__What this task involves__
Output the full listing below exactly.

__Records for this exercise__

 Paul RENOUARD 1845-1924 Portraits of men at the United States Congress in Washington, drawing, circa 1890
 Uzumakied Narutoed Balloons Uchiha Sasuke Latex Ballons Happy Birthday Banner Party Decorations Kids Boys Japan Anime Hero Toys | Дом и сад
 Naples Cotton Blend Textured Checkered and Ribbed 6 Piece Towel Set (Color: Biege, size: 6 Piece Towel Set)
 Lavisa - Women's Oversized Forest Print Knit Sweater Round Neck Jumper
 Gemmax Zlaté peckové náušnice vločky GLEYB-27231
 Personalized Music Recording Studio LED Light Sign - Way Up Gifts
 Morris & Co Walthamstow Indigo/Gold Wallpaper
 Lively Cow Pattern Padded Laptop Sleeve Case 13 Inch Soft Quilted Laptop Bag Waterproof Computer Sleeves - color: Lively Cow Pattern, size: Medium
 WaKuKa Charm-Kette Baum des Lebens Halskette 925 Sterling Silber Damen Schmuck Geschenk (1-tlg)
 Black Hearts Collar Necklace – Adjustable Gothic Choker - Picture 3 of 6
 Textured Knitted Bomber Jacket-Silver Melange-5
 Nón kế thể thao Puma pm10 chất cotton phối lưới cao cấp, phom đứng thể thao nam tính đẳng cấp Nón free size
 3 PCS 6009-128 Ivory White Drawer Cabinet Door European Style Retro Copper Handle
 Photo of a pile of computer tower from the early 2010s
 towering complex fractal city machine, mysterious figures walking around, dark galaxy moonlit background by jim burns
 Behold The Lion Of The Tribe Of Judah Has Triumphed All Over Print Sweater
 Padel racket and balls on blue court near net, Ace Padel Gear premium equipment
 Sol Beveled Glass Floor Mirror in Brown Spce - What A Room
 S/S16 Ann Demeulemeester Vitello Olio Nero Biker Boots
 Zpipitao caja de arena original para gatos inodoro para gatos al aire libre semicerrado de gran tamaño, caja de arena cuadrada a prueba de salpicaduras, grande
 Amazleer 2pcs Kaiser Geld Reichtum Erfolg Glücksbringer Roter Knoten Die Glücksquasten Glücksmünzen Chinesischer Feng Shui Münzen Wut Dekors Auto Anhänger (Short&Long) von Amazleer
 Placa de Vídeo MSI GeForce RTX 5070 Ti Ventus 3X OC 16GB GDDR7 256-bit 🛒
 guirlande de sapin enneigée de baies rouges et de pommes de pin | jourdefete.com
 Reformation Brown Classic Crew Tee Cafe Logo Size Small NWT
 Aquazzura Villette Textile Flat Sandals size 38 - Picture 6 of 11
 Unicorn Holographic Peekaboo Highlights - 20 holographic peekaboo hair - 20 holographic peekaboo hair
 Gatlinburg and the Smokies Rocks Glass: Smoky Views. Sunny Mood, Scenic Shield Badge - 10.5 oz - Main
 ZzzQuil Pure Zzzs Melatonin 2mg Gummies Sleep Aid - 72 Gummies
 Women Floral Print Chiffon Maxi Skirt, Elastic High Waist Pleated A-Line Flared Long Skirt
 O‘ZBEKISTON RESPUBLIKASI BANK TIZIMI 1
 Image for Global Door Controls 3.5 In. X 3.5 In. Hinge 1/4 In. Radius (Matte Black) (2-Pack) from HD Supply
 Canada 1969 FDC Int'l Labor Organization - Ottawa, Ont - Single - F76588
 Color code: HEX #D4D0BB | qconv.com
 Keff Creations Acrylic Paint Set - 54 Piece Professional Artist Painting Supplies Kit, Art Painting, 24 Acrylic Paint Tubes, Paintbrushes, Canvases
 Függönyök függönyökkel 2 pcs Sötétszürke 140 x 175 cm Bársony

__Task solution__
 Paul RENOUARD 1845-1924 Portraits of men at the United States Congress in Washington, drawing, circa 1890
 Uzumakied Narutoed Balloons Uchiha Sasuke Latex Ballons Happy Birthday Banner Party Decorations Kids Boys Japan Anime Hero Toys | Дом и сад
 Naples Cotton Blend Textured Checkered and Ribbed 6 Piece Towel Set (Color: Biege, size: 6 Piece Towel Set)
 Lavisa - Women's Oversized Forest Print Knit Sweater Round Neck Jumper
 Gemmax Zlaté peckové náušnice vločky GLEYB-27231
 Personalized Music Recording Studio LED Light Sign - Way Up Gifts
 Morris & Co Walthamstow Indigo/Gold Wallpaper
 Lively Cow Pattern Padded Laptop Sleeve Case 13 Inch Soft Quilted Laptop Bag Waterproof Computer Sleeves - color: Lively Cow Pattern, size: Medium
 WaKuKa Charm-Kette Baum des Lebens Halskette 925 Sterling Silber Damen Schmuck Geschenk (1-tlg)
 Black Hearts Collar Necklace – Adjustable Gothic Choker - Picture 3 of 6
 Textured Knitted Bomber Jacket-Silver Melange-5
 Nón kế thể thao Puma pm10 chất cotton phối lưới cao cấp, phom đứng thể thao nam tính đẳng cấp Nón free size
 3 PCS 6009-128 Ivory White Drawer Cabinet Door European Style Retro Copper Handle
 Photo of a pile of computer tower from the early 2010s
 towering complex fractal city machine, mysterious figures walking around, dark galaxy moonlit background by jim burns
 Behold The Lion Of The Tribe Of Judah Has Triumphed All Over Print Sweater
 Padel racket and balls on blue court near net, Ace Padel Gear premium equipment
 Sol Beveled Glass Floor Mirror in Brown Spce - What A Room
 S/S16 Ann Demeulemeester Vitello Olio Nero Biker Boots
 Zpipitao caja de arena original para gatos inodoro para gatos al aire libre semicerrado de gran tamaño, caja de arena cuadrada a prueba de salpicaduras, grande
 Amazleer 2pcs Kaiser Geld Reichtum Erfolg Glücksbringer Roter Knoten Die Glücksquasten Glücksmünzen Chinesischer Feng Shui Münzen Wut Dekors Auto Anhänger (Short&Long) von Amazleer
 Placa de Vídeo MSI GeForce RTX 5070 Ti Ventus 3X OC 16GB GDDR7 256-bit 🛒
 guirlande de sapin enneigée de baies rouges et de pommes de pin | jourdefete.com
 Reformation Brown Classic Crew Tee Cafe Logo Size Small NWT
 Aquazzura Villette Textile Flat Sandals size 38 - Picture 6 of 11
 Unicorn Holographic Peekaboo Highlights - 20 holographic peekaboo hair - 20 holographic peekaboo hair
 Gatlinburg and the Smokies Rocks Glass: Smoky Views. Sunny Mood, Scenic Shield Badge - 10.5 oz - Main
 ZzzQuil Pure Zzzs Melatonin 2mg Gummies Sleep Aid - 72 Gummies
 Women Floral Print Chiffon Maxi Skirt, Elastic High Waist Pleated A-Line Flared Long Skirt
 O‘ZBEKISTON RESPUBLIKASI BANK TIZIMI 1
 Image for Global Door Controls 3.5 In. X 3.5 In. Hinge 1/4 In. Radius (Matte Black) (2-Pack) from HD Supply
 Canada 1969 FDC Int'l Labor Organization - Ottawa, Ont - Single - F76588
 Color code: HEX #D4D0BB | qconv.com
 Keff Creations Acrylic Paint Set - 54 Piece Professional Artist Painting Supplies Kit, Art Painting, 24 Acrylic Paint Tubes, Paintbrushes, Canvases
 Függönyök függönyökkel 2 pcs Sötétszürke 140 x 175 cm Bársony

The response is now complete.